This technique improves the resolution of the conventional TDC by stretching the pulse then propagating it through the inverter chain delay line-based TDC. In this case the gain in the resolution is the stretching factor used to increase the pulse width. The stretching is performed by applying the input pulse to a CMOS switch that discharges a pre-charged capacitor with constant current until the pulse finishes. The capacitor is charged afterwards using smaller current. In this case the charging time will be proportional to the original pulse width and the proportionality factor, or the stretching factor, is the ratio between the discharging and charging currents. Unfortunately this technique leads to increased latency and poor DNL [19].

Table 2.1 summarizes the pros and cons of the aforementioned techniques. From the table it can be observed that there is a tradeoff between the resolution and the latency. Resolution defines the minimum time-step that the TDC can resolve while the latency limits the event rate of the input. In order to attain high resolution, the event rate will be sacrificed and vice versa. Consequently, the resolution and the bandwidth of the input should be compromised.
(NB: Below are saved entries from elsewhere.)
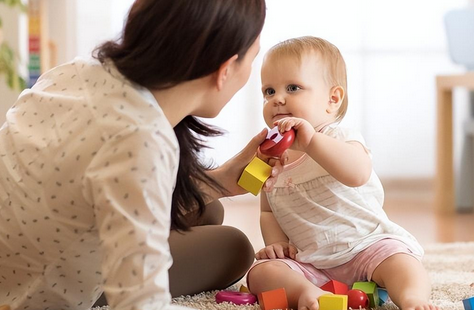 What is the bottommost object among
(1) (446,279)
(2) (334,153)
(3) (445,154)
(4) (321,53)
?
(3) (445,154)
| TDC topology                    | Resolution | Latency  | Area            | Power    |
|---------------------------------|------------|----------|-----------------|----------|
| Inverter chain based TDC [8-11] | low        | low      | small           | small    |
| Vernier TDC [12-14]             | high       | large    | large           | large    |
| Local interpolation TDC [15]    | moderate   | low      | large           | small    |
| Multistage TDC [16]             | high       | moderate | moderate        | moderate |
| Reference recycling TDC [17]    | low        | low      | very<br>compact | small    |
| Time shrinking TDC [18]         | high       | large    | large           | large    |
| Pulse stretching TDC [19]       | moderate   | large    | large           | large    |

Table 2.1 Comparison of the different TDC techniques.

#### 2.2 TDC-Based ADC

The diagram in Fig. 2.6 (a) shows how a sinusoidal input of peak-to-peak amplitude of  $V_{pp}$  centered at  $V_{FS}/2$ , where  $V_{FS}$  is the full scale voltage, is digitized using time-mode circuits. The input signal is sampled-and-held at frequency  $f_s$  then a PWM block transforms the voltage-sample into a pulse-width which is digitized using the TDC. The transformation of the analog signal into the digital format is performed in the time-mode. The only part that is performed in voltage-mode is the pulse width modulation. In general, the same PWM design can be utilized as a front-end in time-mode systems to convert the signal from voltage-mode to time-mode prior to further processing.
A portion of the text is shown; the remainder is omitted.